PROBLEM REQUIREMENTS>
Repeat the records below verbatim, and do not copy their pictures.

RECORDS SUPPLIED>
● ● ● ● ● ● ●
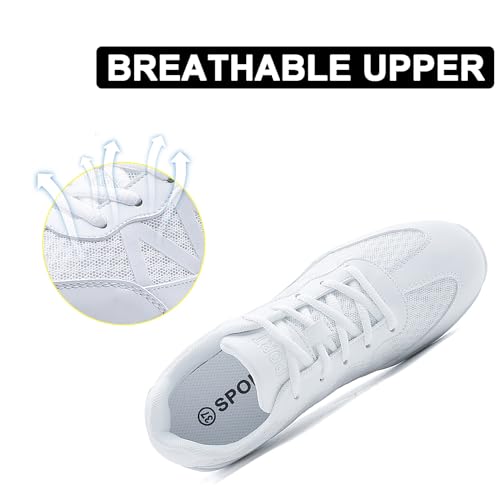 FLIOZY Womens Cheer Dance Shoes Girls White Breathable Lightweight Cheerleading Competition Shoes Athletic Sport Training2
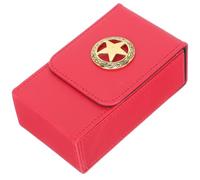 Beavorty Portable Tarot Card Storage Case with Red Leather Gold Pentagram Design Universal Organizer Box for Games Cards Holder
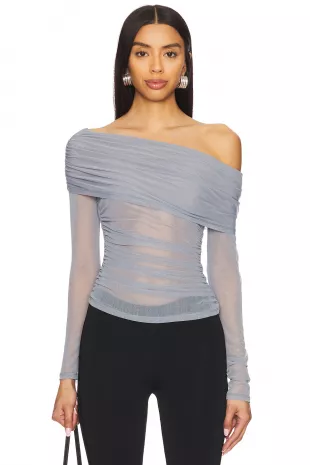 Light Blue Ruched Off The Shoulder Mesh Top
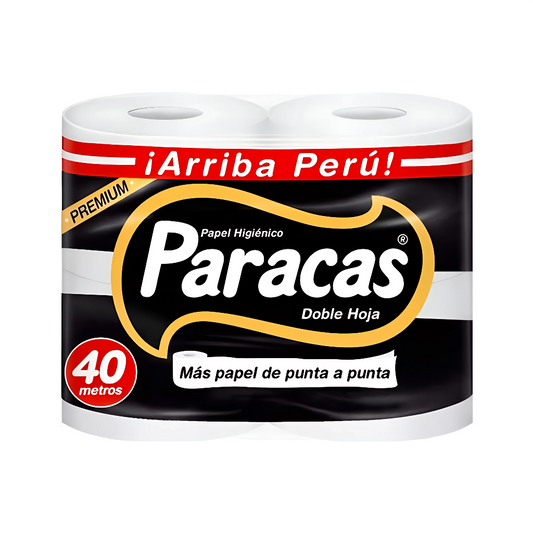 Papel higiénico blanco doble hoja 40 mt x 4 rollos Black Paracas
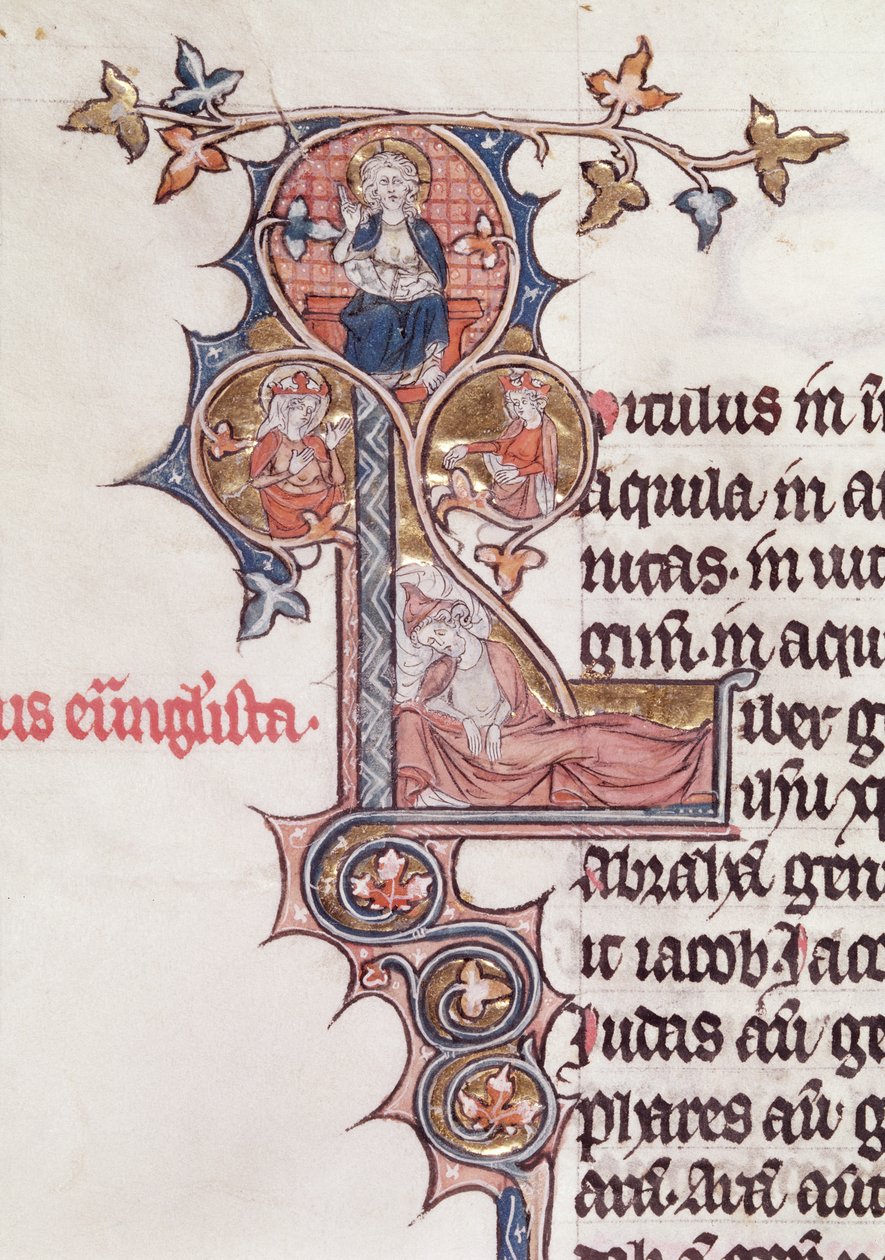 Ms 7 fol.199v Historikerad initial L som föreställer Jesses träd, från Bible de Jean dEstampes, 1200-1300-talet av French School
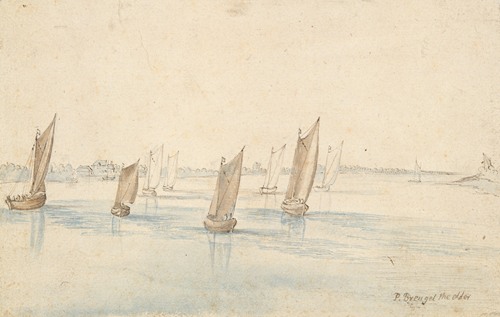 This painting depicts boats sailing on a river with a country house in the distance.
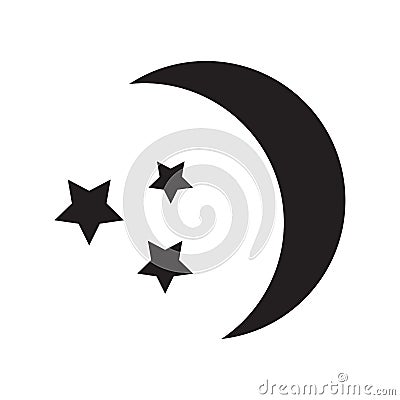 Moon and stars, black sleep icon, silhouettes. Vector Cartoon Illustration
● ● ● ● ● ● ●
YOUR RESPONSE>
 FLIOZY Womens Cheer Dance Shoes Girls White Breathable Lightweight Cheerleading Competition Shoes Athletic Sport Training2
 Beavorty Portable Tarot Card Storage Case with Red Leather Gold Pentagram Design Universal Organizer Box for Games Cards Holder
 Light Blue Ruched Off The Shoulder Mesh Top
 Papel higiénico blanco doble hoja 40 mt x 4 rollos Black Paracas
 Ms 7 fol.199v Historikerad initial L som föreställer Jesses träd, från Bible de Jean dEstampes, 1200-1300-talet av French School
 This painting depicts boats sailing on a river with a country house in the distance.
 Moon and stars, black sleep icon, silhouettes. Vector Cartoon Illustration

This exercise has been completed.